_Work to be completed:_
Make an exact copy of the records that follow, with each picture omitted.

_Data listing:_
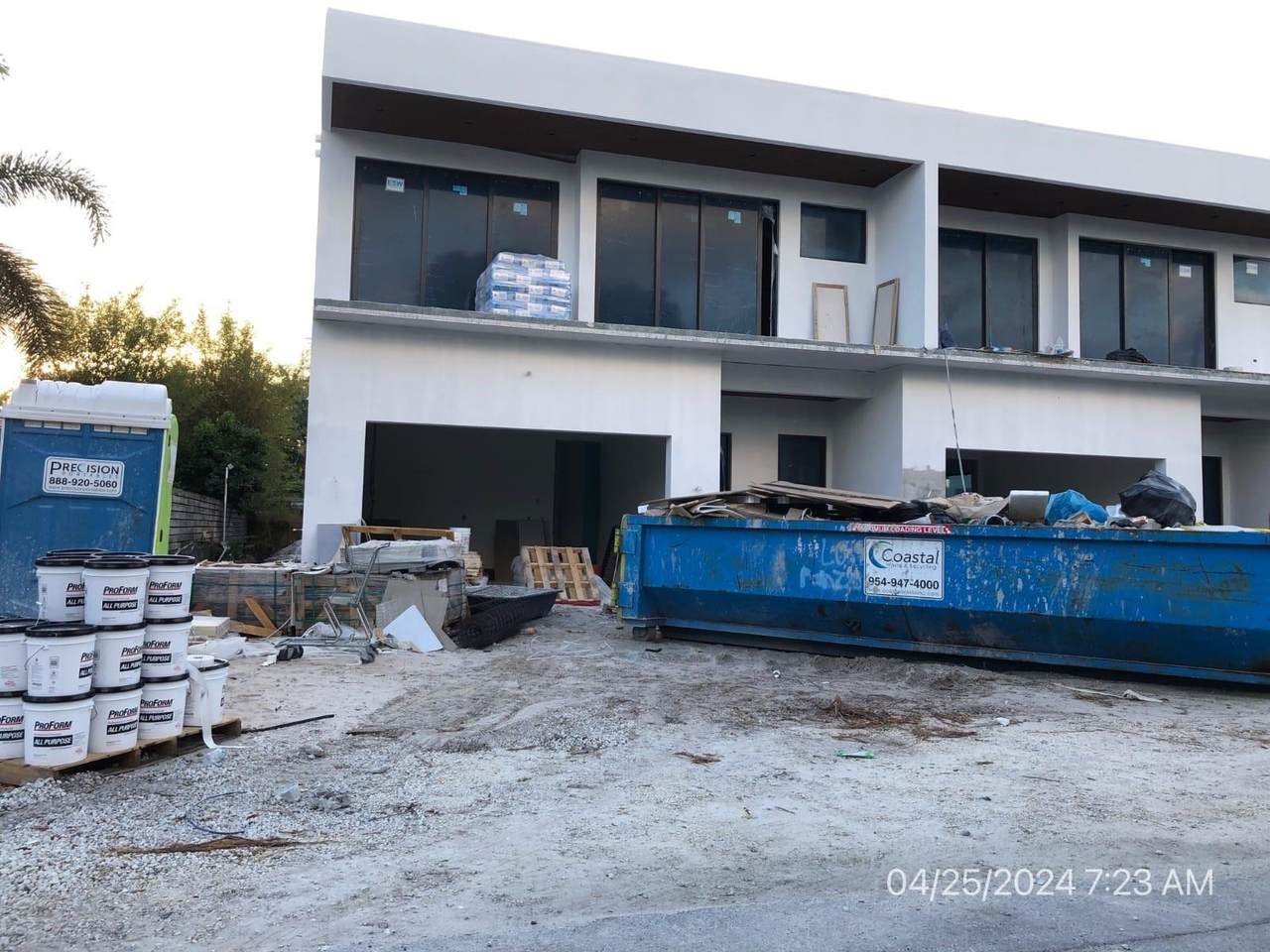 1124 10th Ave - Photo 1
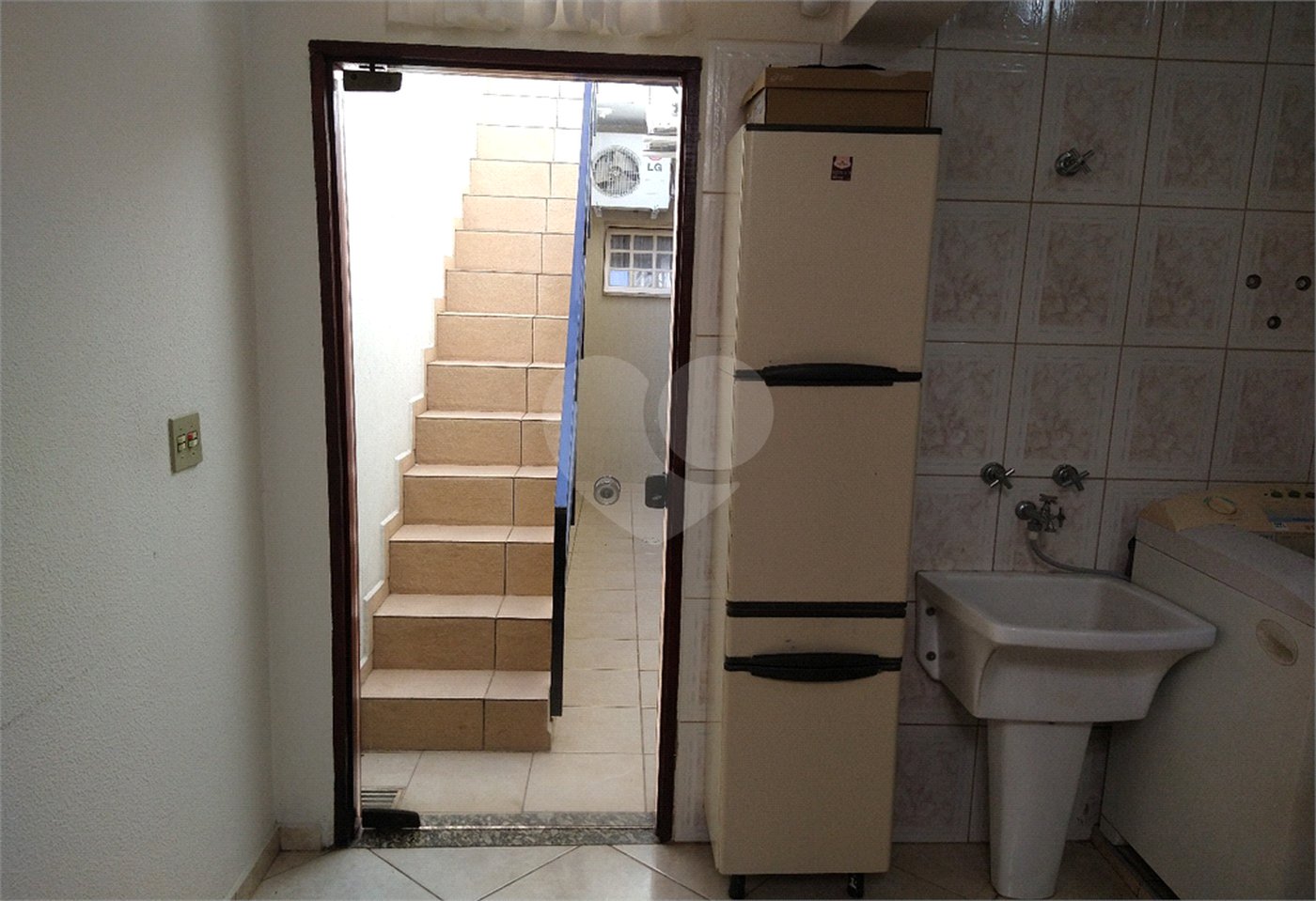 Sobrado à venda com 3 quartos, sendo 2 suítes, em Jardim Hubert, Indaiatuba, SP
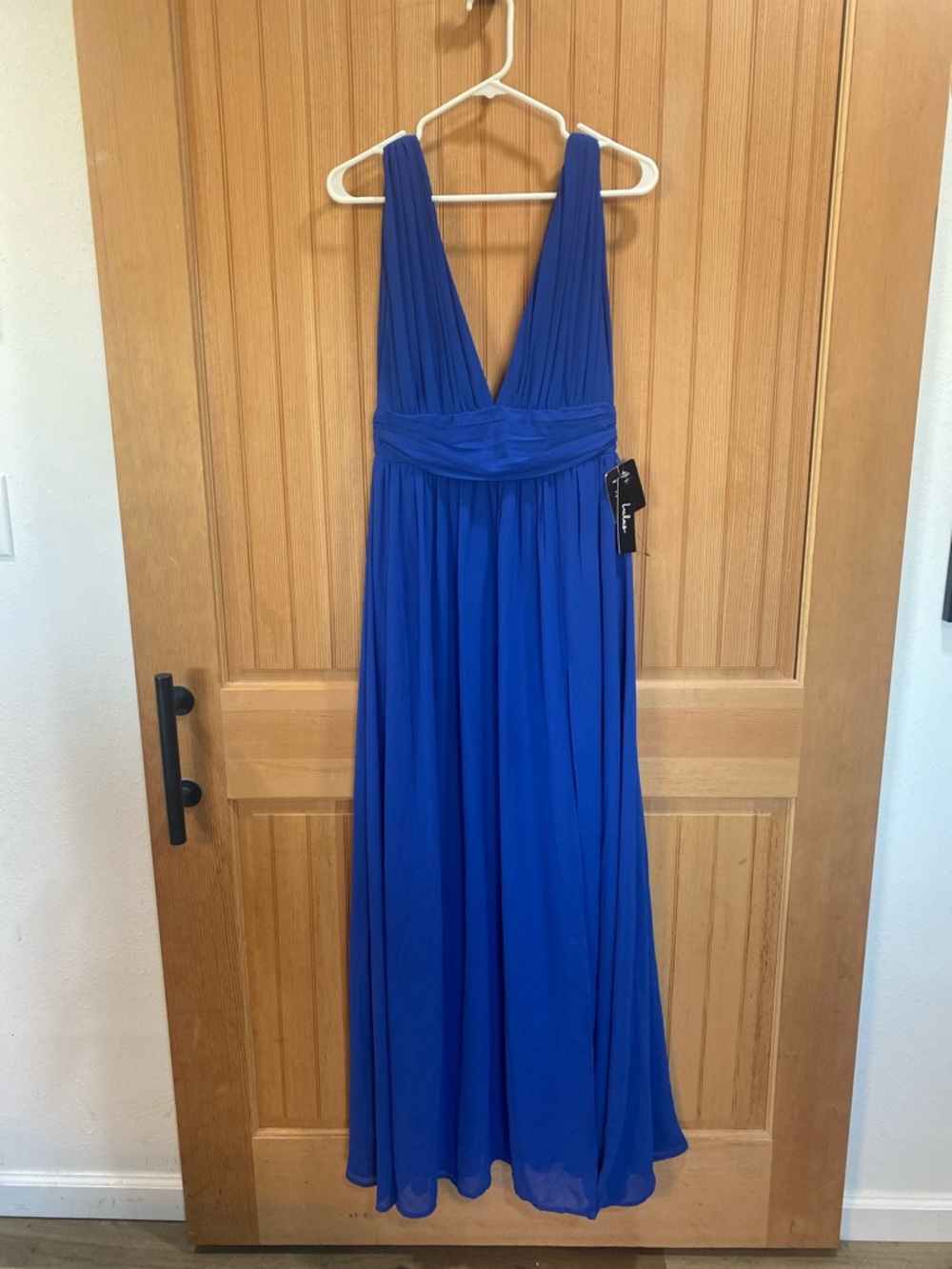 NWT Lulu's Cobalt Blue V-Neck Pleated Maxi Dress Gown Prom Wedding Eveningwear - Picture 2 of 6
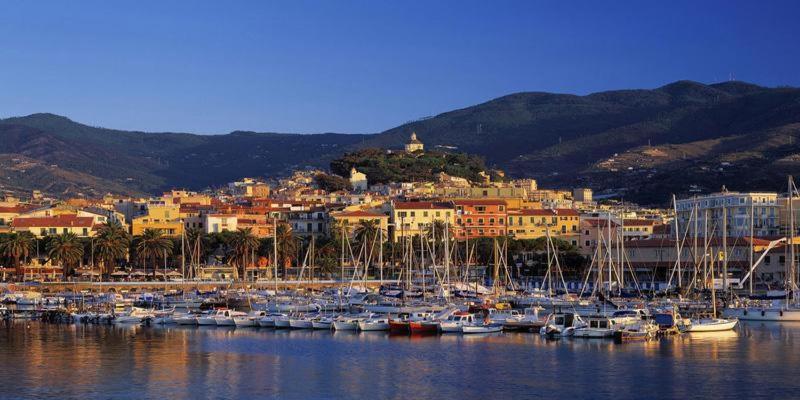 Petit avec classe San Remo Extérieur photo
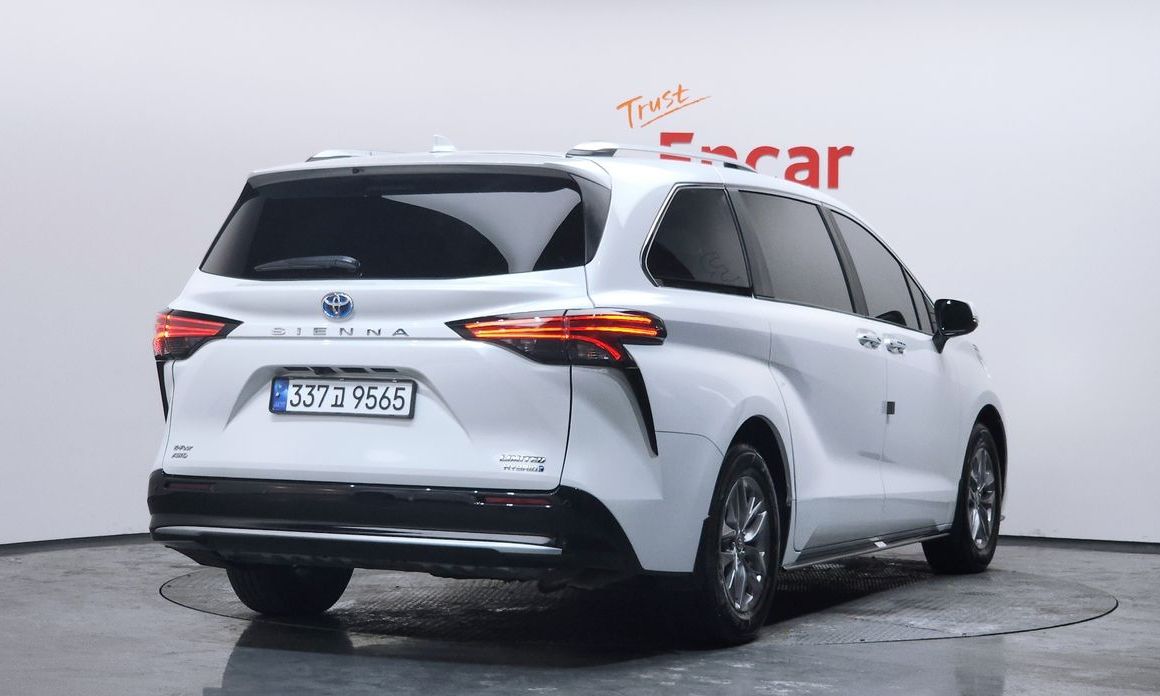 Toyota Sienna 2023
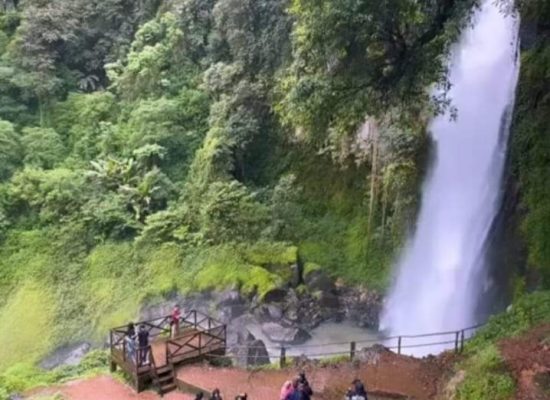 Air Terjun SIKULIKAP Berlokasi Tepatnya di Bawah Daerah Penatapan Doulu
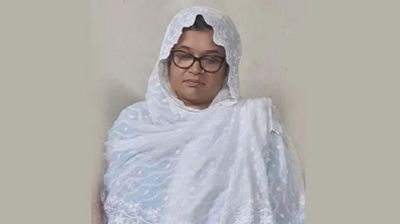 মানবপাচার মামলায় দণ্ডপ্রাপ্ত পাপুলের স্ত্রী সাবেক এমপি সেলিনা গ্রেপ্তার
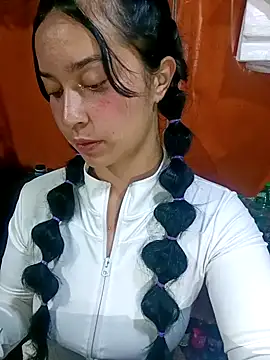 Snapshot of Sol_Sunny chatting on 06/08/26, 01:28 Sol Sunny online show from 06/08/26, 01:28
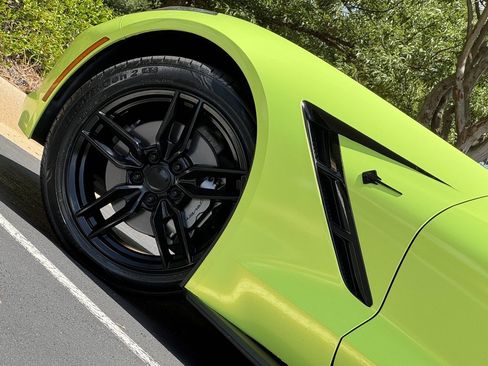 Used 2016 Chevrolet Corvette Stingray Coupe w/ Battery Protection Package image 9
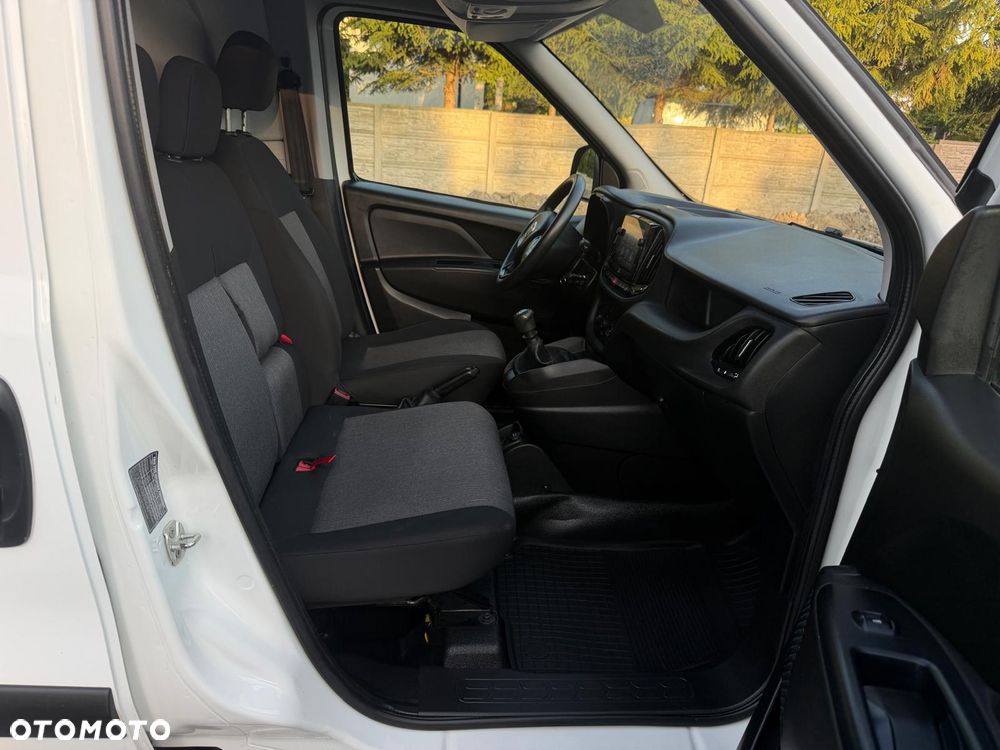 Fiat DOBLO / 1.6D / FV23% / NAJBOGATSZA WERSJA / 3 OSOBOWY / NAVI / CARPLAY - 14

_The completed task:_
 1124 10th Ave - Photo 1
 Sobrado à venda com 3 quartos, sendo 2 suítes, em Jardim Hubert, Indaiatuba, SP
 NWT Lulu's Cobalt Blue V-Neck Pleated Maxi Dress Gown Prom Wedding Eveningwear - Picture 2 of 6
 Petit avec classe San Remo Extérieur photo
 Toyota Sienna 2023
 Air Terjun SIKULIKAP Berlokasi Tepatnya di Bawah Daerah Penatapan Doulu
 মানবপাচার মামলায় দণ্ডপ্রাপ্ত পাপুলের স্ত্রী সাবেক এমপি সেলিনা গ্রেপ্তার
 Snapshot of Sol_Sunny chatting on 06/08/26, 01:28 Sol Sunny online show from 06/08/26, 01:28
 Used 2016 Chevrolet Corvette Stingray Coupe w/ Battery Protection Package image 9
 Fiat DOBLO / 1.6D / FV23% / NAJBOGATSZA WERSJA / 3 OSOBOWY / NAVI / CARPLAY - 14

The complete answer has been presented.